In many cases probably even more disturbing than the seal hunt video! After all, we're all desensitized to violence to some degree or another.

So if your video can be considered a cogent political argument, so must the shit porn video. And if the contention of your argument is that the seal hunt should be banned -- which I assume it is -- then likewise, shouldn't we ban sexual activities involving shit ...or anything else which "disturbs" us?

You see, that's the problem with glorifying subjectivity. Yes, we all have our own subjective experience of life, but we can't construct a society out of personal biases.

Human beings are still rational beings capable of engaging in rational discussion and that means putting that which can be logically and empirically demonstrated ahead of that which emotionally "touches" us.

chimx
26th January 2007, 23:18
I'll tackle some of your points, but in reverse order.


So if your video can be considered a cogent political argument, so must the shit porn video. And if the contention of your argument is that the seal hunt should be banned -- which I assume it is -- then likewise, shouldn't we ban sexual activities involving shit ...or anything else which "disturbs" us?

Not quite. The point I was planning on making following people viewing the video, is the intersubjective nature of morally founded laws and how ultimately it has led to a hyopcritical legal system which is ultimately species specific. Seeing a fisherman club a seal to death with a bat is considered acceptable, but seeing a boy beating his a domesticated cat to death is considered animal abuse and warrants a severe fine. But that is neither here nor there, at least not anymore.


"Truth" has nothing to do with it. I find a lot of things "disturbing", that doesn't mean that they are nescessarily "wrong" nor that they should be stopped.

That's the problem with relying on emotional reactions as a basis for social policy.
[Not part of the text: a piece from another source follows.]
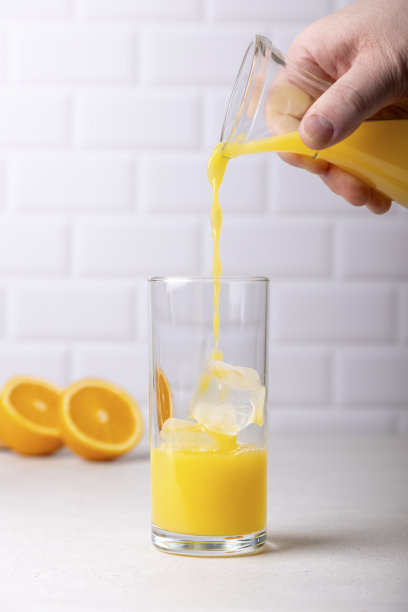 冰镇鲜橙汁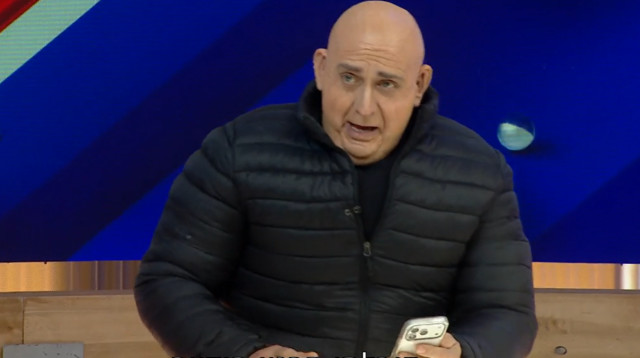 ניר דבורי בארץ נהדרת (צילום: צילום מסך ארץ נהדרת)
It elevates subjective reactions to a position of social authority.
When I say "truth", I mean it in the subjective sense. Emotional responses, in the end, speak towards an inherent truth within the individual. To use your example, it pains me to see photographs of starving children. From this fact I derive that I am opposed to starving children, even though there are none where I live.

crap, the library is closing. don't response, i'll get back to this later.

Comrade Marcel
27th January 2007, 00:44
chimx, seal hunting is just another capitalist industry. Everyone here is an anti-capitalist.

So unless you are against all seal hunting, period, we have no disagreement.

If you are for banning seal hunting in Kanada, well I have news for you. Aboriginals might feel differently and I support their right to uphold their culture and hunt, club, eat, sell the fur of, etc. etc. as many seals as they want. Telling them not to is white cultural chauvinism and imeprialism.